Abyss is everything at once: a romance, a body-switching sci-fi, a murder mystery, and a bit of a legal drama thrown in there just for fun. Go Se-Yeun, an ambitious young lawyer, and Cha Min, heir to a cosmetics empire, find themselves in new bodies after their untimely deaths. This miracle was caused by an orb-like object called The Abyss, and together they must get through life with their new appearances and try to track down Cha Min’s murderer.
Shadow is as close to a superhero series as you can get before crossing the line into the genre. This South African show follows an ex-cop as he is struck by lightning, somehow bestowing upon him congenital analgesia, otherwise known as an inability to feel pain. He does what anybody would do should they suddenly become immune to pain: he becomes a Batman-like vigilante figure who can take literally every beating. All the fun of a superhero show without all the…superhero-ness.
5. Better Than Us
The premise for Russian Netflix Original Better Than Us is as adorable as it is intriguing: a family takes in a robot to act as a housekeeper/guardian/mother figure, not knowing she’s a murderous robot on the run from an evil corporation. It’s just as much a family drama as it is a sci-fi show, but it’s used to its own advantage, each genre and storyline fueling the other. It’s a hybrid show that balances the light with the gritty in a way that won’t give you whiplash.
Cleverman is a unique Australian series that aired on Sundance TV in 2016 and 2017. It directly incorporates Australian indigenous mythology and folklore to build its world, based on the Aboriginal concept of Dreamtime. It follows Koen and Warruu as they deal with the conflict between humans and hairypeople, a sort of feral, not-quite-human population contained within a certain zone. Things only get worse when Koen inherits the superheroic powers of the Cleverman, despite Warruu hopes he’d be next in line. Cleverman uses its othering storyline as allegory for racism, immigration, and border detainment in a way that will hit home for everyone.
3. Reality Z
Reality Z is a zombie show for 2020, combining classic “safe house” tropes with an unexpected setting: a Big Brother-like reality tv show.
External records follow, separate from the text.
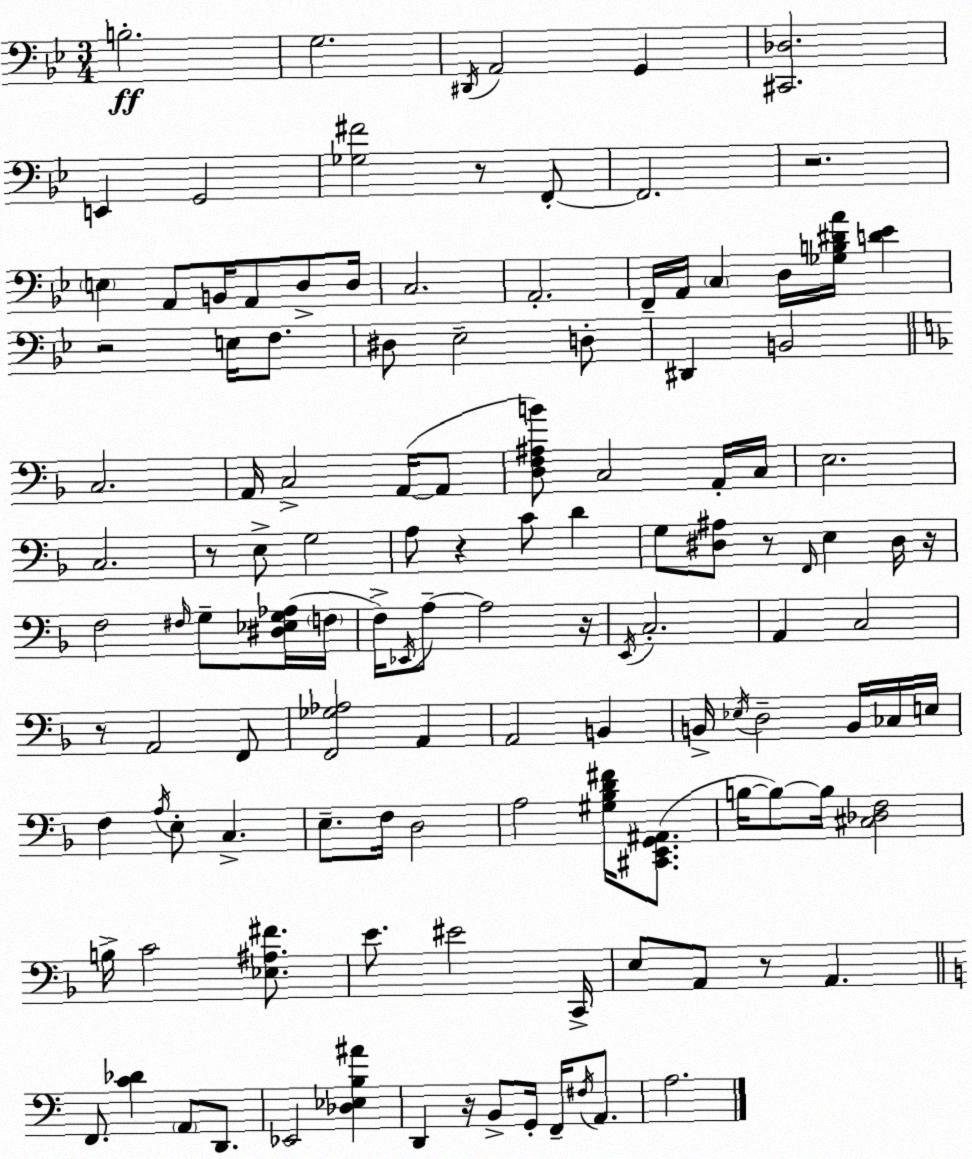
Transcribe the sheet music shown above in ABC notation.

X:1
T:Untitled
M:3/4
L:1/4
K:Bb
B,2 G,2 ^D,,/4 A,,2 G,, [^C,,_D,]2 E,, G,,2 [_G,^F]2 z/2 F,,/2 F,,2 z2 E, A,,/2 B,,/4 A,,/2 D,/2 D,/4 C,2 A,,2 F,,/4 A,,/4 C, D,/4 [_G,B,^DA]/4 [D_E] z2 E,/4 F,/2 ^D,/2 _E,2 D,/2 ^D,, B,,2 C,2 A,,/4 C,2 A,,/4 A,,/2 [D,F,^A,B]/2 C,2 A,,/4 C,/4 E,2 C,2 z/2 E,/2 G,2 A,/2 z C/2 D G,/2 [^D,^A,]/2 z/2 F,,/4 E, ^D,/4 z/4 F,2 ^F,/4 G,/2 [^D,_E,G,_A,]/4 F,/4 F,/4 _E,,/4 A,/2 A,2 z/4 E,,/4 C,2 A,, C,2 z/2 A,,2 F,,/2 [F,,_G,_A,]2 A,, A,,2 B,, B,,/4 _E,/4 D,2 B,,/4 _C,/4 E,/4 F, A,/4 E,/2 C, E,/2 F,/4 D,2 A,2 [^G,_B,D^F]/4 [^C,,E,,G,,^A,,]/2 B,/4 B,/2 B,/4 [^C,_D,F,]2 B,/4 C2 [_E,^A,^F]/2 E/2 ^E2 C,,/4 E,/2 A,,/2 z/2 A,, F,,/2 [C_D] A,,/2 D,,/2 _E,,2 [_D,_E,B,^A] D,, z/4 B,,/2 G,,/4 F,,/4 ^F,/4 A,,/2 A,2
An adaptation of Dead Set, created by Black Mirror mastermind Charlie Brooker, Reality Z takes things even further by adding a gimmick to their in-universe reality show: a Greek mythology theme. So if you’ve ever wanted to watch a bunch of 20-somethings in gold togas fighting off zombies, here’s your chance.
2. Always a Witch
Always a Witch is a time-travel show where things are suddenly less advanced than first thought. Carmen was burned at the stake for being a witch in 17th century Colombia, but she makes a deal with an evil wizard to transport herself to the modern day, where there’s no trace of witchcraft anywhere. The only catch? She’s not allowed to use magic either. In its first season, Always a Witch gets off to a rocky start with its race politics (Carmen was a slave in the past) but sets its path straight in Season 2, with some pirates to boot.
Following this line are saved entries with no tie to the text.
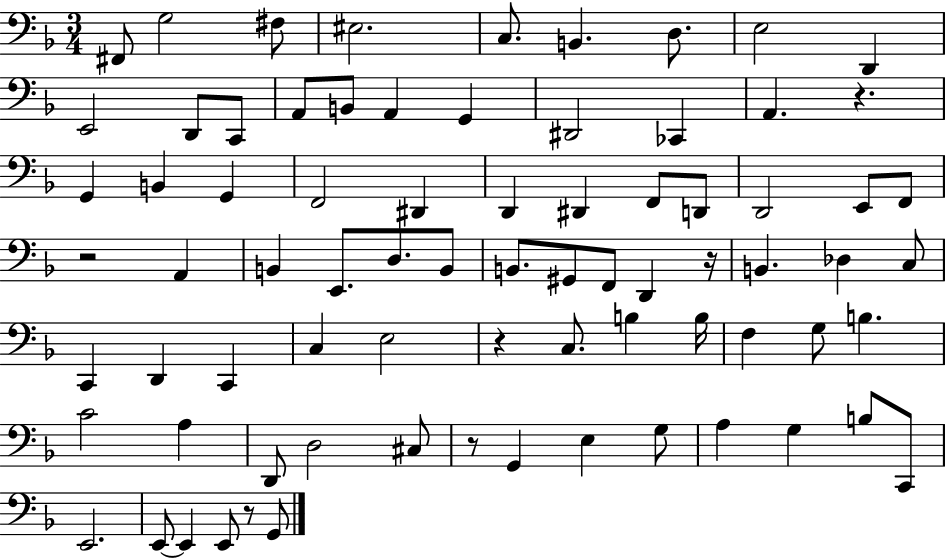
F#2/e G3/h F#3/e EIS3/h. C3/e. B2/q. D3/e. E3/h D2/q E2/h D2/e C2/e A2/e B2/e A2/q G2/q D#2/h CES2/q A2/q. R/q. G2/q B2/q G2/q F2/h D#2/q D2/q D#2/q F2/e D2/e D2/h E2/e F2/e R/h A2/q B2/q E2/e. D3/e. B2/e B2/e. G#2/e F2/e D2/q R/s B2/q. Db3/q C3/e C2/q D2/q C2/q C3/q E3/h R/q C3/e. B3/q B3/s F3/q G3/e B3/q. C4/h A3/q D2/e D3/h C#3/e R/e G2/q E3/q G3/e A3/q G3/q B3/e C2/e E2/h. E2/e E2/q E2/e R/e G2/e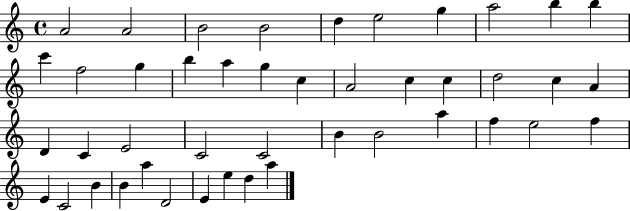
{
  \clef treble
  \time 4/4
  \defaultTimeSignature
  \key c \major
  a'2 a'2 | b'2 b'2 | d''4 e''2 g''4 | a''2 b''4 b''4 | \break c'''4 f''2 g''4 | b''4 a''4 g''4 c''4 | a'2 c''4 c''4 | d''2 c''4 a'4 | \break d'4 c'4 e'2 | c'2 c'2 | b'4 b'2 a''4 | f''4 e''2 f''4 | \break e'4 c'2 b'4 | b'4 a''4 d'2 | e'4 e''4 d''4 a''4 | \bar "|."
}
Dark is, without a doubt, the most complicated show on Netflix. Incorporating time loops, paradoxes, future selves, and eventually parallel universes, there’s nothing this show will shy away from. It trusts its viewer to keep track of all the timelines somehow, and if you do, be it by careful watching or one of the many fan-made diagrams, you’ll find a gorgeously woven tapestry of family, legacy, true love, and a good helping of teen angst.